This is the first in a series of in-depth reports from 10 On Your Side dealing with the opioid crisis. We will examine several aspects of this epidemic through the personal stories of people in Hampton Roads each Wednesday through May 24.
HAMPTON ROADS, Va. (WAVY) – “It's the day before Christmas eve and I don't know if I'm going to be burying my son the Tuesday after Christmas.”
Pamela Person remembers the day last December when she got the horrible news her son Devon had overdosed.
“We know there was alcohol. There were signs of opioids -- heroin, but certainly the most important and the most serious was the fentanyl.”
Devon was with cousins out of state.
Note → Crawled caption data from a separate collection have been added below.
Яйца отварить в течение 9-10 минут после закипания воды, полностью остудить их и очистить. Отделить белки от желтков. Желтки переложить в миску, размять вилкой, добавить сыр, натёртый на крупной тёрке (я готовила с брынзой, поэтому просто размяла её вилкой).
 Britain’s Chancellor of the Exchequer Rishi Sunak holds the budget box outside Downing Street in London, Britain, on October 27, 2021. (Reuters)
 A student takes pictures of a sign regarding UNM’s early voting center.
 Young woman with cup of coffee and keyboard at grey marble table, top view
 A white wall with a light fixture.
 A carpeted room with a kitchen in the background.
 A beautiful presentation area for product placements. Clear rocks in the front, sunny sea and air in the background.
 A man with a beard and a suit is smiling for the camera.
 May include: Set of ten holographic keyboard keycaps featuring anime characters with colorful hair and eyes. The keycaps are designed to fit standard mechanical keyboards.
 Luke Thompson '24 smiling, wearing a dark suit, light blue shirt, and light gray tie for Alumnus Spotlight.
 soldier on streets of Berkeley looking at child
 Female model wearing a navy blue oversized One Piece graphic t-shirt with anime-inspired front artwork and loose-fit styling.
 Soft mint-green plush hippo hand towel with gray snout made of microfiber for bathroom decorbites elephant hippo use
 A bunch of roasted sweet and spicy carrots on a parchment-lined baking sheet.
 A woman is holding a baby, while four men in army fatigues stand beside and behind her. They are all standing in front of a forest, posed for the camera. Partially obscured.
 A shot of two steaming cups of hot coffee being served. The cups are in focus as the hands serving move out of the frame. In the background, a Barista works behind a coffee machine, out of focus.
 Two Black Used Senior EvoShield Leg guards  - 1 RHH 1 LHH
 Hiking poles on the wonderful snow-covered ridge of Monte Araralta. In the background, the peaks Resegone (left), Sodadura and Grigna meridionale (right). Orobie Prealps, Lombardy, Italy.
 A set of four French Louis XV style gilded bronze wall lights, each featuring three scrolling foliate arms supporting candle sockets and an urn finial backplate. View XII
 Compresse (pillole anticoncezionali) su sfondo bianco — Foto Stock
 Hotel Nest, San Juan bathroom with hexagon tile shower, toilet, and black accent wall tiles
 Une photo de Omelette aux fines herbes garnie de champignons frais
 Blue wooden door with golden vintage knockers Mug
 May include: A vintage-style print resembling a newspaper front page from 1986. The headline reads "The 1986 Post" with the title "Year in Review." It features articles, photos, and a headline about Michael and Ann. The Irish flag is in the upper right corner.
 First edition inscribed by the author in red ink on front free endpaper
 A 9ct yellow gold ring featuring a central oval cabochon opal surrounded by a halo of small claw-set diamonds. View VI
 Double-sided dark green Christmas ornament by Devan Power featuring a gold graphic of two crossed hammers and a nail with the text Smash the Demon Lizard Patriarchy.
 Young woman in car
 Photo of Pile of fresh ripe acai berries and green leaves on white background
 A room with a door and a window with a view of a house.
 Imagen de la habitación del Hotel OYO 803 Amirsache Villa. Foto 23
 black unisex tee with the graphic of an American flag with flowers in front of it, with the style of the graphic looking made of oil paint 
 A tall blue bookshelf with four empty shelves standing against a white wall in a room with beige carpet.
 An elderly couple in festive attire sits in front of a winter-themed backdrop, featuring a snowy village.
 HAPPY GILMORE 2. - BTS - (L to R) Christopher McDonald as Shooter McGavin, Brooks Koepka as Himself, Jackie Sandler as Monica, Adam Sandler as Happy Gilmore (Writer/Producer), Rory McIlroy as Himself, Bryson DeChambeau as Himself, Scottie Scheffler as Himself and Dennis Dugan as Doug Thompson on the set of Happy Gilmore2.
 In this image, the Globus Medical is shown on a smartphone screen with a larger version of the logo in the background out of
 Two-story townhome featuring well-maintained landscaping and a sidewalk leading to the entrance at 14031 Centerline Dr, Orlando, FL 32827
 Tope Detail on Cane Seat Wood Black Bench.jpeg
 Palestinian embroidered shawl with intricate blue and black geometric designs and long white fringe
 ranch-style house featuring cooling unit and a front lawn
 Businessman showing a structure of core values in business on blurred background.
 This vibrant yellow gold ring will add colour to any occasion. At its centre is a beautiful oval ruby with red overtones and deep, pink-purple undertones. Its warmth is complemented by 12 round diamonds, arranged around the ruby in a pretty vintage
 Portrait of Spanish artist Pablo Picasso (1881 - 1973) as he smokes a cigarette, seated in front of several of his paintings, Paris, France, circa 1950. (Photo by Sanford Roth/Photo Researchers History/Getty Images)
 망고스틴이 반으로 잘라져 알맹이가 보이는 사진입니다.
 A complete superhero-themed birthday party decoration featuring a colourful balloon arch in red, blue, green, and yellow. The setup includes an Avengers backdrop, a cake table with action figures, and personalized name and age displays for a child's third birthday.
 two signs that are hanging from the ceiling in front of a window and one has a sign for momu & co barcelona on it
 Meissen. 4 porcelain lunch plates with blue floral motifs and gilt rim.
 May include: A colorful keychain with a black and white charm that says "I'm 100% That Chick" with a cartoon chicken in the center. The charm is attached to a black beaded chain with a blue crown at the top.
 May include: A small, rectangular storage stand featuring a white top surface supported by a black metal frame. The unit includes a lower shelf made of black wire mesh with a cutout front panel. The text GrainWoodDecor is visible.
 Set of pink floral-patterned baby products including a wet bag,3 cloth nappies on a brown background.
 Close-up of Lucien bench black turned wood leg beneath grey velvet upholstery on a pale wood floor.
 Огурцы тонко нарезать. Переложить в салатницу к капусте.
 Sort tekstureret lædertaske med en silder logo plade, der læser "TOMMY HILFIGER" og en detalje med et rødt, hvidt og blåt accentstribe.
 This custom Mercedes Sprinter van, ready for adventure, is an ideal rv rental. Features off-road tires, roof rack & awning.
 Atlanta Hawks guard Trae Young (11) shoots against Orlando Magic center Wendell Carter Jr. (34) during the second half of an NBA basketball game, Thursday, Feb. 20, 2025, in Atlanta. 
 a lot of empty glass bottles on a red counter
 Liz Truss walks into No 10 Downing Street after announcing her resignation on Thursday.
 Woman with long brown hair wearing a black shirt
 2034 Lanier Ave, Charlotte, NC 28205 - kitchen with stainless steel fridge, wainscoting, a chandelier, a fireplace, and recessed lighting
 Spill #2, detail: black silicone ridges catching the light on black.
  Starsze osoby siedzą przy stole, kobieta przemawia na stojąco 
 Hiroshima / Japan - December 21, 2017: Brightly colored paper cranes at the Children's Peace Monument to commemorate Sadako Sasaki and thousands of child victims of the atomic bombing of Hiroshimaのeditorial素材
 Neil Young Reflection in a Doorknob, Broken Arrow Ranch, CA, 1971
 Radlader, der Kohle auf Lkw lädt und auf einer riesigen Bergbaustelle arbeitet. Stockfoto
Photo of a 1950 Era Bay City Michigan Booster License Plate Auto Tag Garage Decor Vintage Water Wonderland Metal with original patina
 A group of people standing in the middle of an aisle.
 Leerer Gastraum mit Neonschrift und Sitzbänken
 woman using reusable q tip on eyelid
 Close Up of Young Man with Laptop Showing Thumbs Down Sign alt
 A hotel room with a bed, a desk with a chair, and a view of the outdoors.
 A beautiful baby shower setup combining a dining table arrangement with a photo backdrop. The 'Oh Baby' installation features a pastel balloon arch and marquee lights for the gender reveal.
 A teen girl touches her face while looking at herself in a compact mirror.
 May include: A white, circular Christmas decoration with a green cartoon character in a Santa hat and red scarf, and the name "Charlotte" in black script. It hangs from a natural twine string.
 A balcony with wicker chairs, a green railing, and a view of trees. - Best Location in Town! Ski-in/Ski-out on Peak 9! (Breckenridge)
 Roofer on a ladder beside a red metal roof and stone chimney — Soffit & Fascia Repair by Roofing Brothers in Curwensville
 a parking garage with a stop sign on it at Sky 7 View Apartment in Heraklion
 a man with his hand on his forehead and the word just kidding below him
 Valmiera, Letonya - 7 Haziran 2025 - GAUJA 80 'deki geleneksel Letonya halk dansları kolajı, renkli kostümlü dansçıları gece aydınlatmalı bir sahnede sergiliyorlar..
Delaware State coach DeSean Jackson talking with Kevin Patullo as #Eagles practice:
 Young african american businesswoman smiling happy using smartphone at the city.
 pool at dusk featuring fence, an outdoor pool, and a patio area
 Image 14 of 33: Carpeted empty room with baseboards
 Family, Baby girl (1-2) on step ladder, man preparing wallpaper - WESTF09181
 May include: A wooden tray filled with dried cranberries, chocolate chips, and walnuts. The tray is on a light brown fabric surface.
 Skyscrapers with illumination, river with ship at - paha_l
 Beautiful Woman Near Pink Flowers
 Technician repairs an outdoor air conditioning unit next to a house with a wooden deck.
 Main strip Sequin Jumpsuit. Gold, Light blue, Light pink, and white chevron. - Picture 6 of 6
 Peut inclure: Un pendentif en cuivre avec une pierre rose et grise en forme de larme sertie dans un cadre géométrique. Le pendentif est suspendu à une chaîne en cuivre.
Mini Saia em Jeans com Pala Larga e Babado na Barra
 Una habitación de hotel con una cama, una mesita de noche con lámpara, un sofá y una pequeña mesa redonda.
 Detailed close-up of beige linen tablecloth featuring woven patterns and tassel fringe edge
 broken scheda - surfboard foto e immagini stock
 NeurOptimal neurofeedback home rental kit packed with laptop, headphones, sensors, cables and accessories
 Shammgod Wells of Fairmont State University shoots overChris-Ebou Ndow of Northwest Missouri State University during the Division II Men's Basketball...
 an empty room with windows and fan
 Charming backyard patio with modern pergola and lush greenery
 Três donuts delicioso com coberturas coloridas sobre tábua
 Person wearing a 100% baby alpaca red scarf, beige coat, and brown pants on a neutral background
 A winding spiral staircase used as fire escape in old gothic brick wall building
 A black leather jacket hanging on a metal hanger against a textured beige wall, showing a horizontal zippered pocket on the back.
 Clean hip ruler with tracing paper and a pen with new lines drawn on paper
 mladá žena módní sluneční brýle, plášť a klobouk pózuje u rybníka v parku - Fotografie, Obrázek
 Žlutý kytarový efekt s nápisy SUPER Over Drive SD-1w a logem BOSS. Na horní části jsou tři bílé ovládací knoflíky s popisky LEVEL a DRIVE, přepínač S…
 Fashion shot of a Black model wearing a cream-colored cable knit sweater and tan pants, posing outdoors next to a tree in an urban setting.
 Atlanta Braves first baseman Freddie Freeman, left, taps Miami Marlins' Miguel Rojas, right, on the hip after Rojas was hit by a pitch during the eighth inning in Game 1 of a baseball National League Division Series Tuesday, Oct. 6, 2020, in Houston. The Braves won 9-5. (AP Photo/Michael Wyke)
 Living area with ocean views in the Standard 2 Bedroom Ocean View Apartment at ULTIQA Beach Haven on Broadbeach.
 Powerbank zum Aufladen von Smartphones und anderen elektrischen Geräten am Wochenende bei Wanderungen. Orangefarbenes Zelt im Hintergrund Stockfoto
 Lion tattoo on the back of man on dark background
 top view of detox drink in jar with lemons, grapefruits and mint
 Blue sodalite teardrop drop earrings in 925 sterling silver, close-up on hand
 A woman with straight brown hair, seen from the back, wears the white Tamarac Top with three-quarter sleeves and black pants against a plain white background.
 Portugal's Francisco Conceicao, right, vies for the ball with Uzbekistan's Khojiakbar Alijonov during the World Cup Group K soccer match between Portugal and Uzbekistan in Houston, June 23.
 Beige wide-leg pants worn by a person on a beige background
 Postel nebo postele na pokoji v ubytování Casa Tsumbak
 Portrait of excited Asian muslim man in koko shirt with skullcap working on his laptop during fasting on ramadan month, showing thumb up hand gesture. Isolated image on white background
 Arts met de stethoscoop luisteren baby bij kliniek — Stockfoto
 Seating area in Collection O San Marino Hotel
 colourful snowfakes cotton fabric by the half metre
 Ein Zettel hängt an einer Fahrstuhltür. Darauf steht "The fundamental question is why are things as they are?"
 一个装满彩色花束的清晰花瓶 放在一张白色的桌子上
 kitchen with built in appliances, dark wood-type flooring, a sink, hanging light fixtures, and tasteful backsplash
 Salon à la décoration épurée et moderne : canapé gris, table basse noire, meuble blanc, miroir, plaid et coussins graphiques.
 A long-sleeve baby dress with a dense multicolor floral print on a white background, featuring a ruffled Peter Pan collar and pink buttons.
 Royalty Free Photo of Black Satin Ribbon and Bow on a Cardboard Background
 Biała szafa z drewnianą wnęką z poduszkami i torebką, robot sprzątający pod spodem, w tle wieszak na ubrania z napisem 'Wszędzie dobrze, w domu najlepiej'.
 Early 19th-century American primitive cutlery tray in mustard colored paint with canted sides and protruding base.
His reaction was so severe they didn't know what to do.
“Now they're all panicking, and no one's calling 911. So they dropped him off. They essentially dropped him off like a bag of trash, and called somebody in the emergency room and drove off.”
Doctors resuscitated him, put him on a ventilator, and ultimately saved his life. He was one of the lucky ones.
In 2016, more than 600 Virginians died from drugs laced with fentanyl -- a tenfold increase since 2011.
A local expert says when someone dies from fentanyl, it actually increases its allure.
Dr. David Langille is an addiction treatment specialist at Right Path Treatment Center of Virginia Beach.
“If someone dies from an overdose, other users in the community will think, 'Wow, that must be some really good stuff.'”
“People who are using [fentanyl] don’t know what's in it,” said Attorney General Mark Herring in an interview with investigative reporter Chris Horne. “They don't know how much they're getting, and it can kill immediately.”
Hampton Roads is part of a public health crisis in neighborhoods and communities across the country.
“Right now in Hampton Roads fentanyl is a huge problem,” Herring said.
In 2011, you could count the fentanyl deaths on one hand in any of the seven cities. Then, the numbers exploded over the next five years. From one death to 27 in Chesapeake, four to 45 in Virginia Beach, zero to 55 in Norfolk.
Overall, fentanyl deaths in the region went from just 10 five years ago to 179 last year.
“We're talking about a substance that is 40 to 50 times stronger than heroin and more potent than heroin,” said DEA Assistant Special Agent in Charge Michael Barbuti.
Heroin traffickers realized fentanyl could supercharge their product with greater potency.
Author Sam Quinones wrote “Dreamland: The True Tale of America’s Opiate Epidemic.” He researched heroin trafficking by Mexican cartels. 10 On Your Side asked him how fentanyl is changing the way they do business.
“It's a stronger high, and it's a very easy drug to smuggle because it's so small, and so little of it will make so much dope.”
The DEA says fentanyl has made the logistics of producing fatally spiked heroin so much easier.
“It's cheaper, and it's synthetically produced in a lab,” Barbuti said. “There's no growing season, so you don't have to plant more opium poppies or harvest opium poppies. You can make it any time.”
Federal authorities say most fentanyl is made in China, and then it reaches the streets in one of two ways.
“The cartels either mix it with heroin in Mexico or send it directly to the U.S. and it's mixed in with heroin and other substances here,” Barbuti said.
“The dealers, they call it Little Diablo, the little devil,” Langille said. “They add fentanyl to the heroin to jack up the potency of the hit.”
Once it's mixed, suppliers move most if it either down from New York, or up from Atlanta.
“As little as two milligrams can be deadly if inhaled or absorbed through the skin,” Barbuti said.
Pamela Person’s son Devon went through recovery, moved away and started a new job just a few weeks ago. She’s still troubled by nearly losing her son to the potent substance.
“Fentanyl was in his system and it is so powerful. The fact that he is alive is a miracle in and of itself.”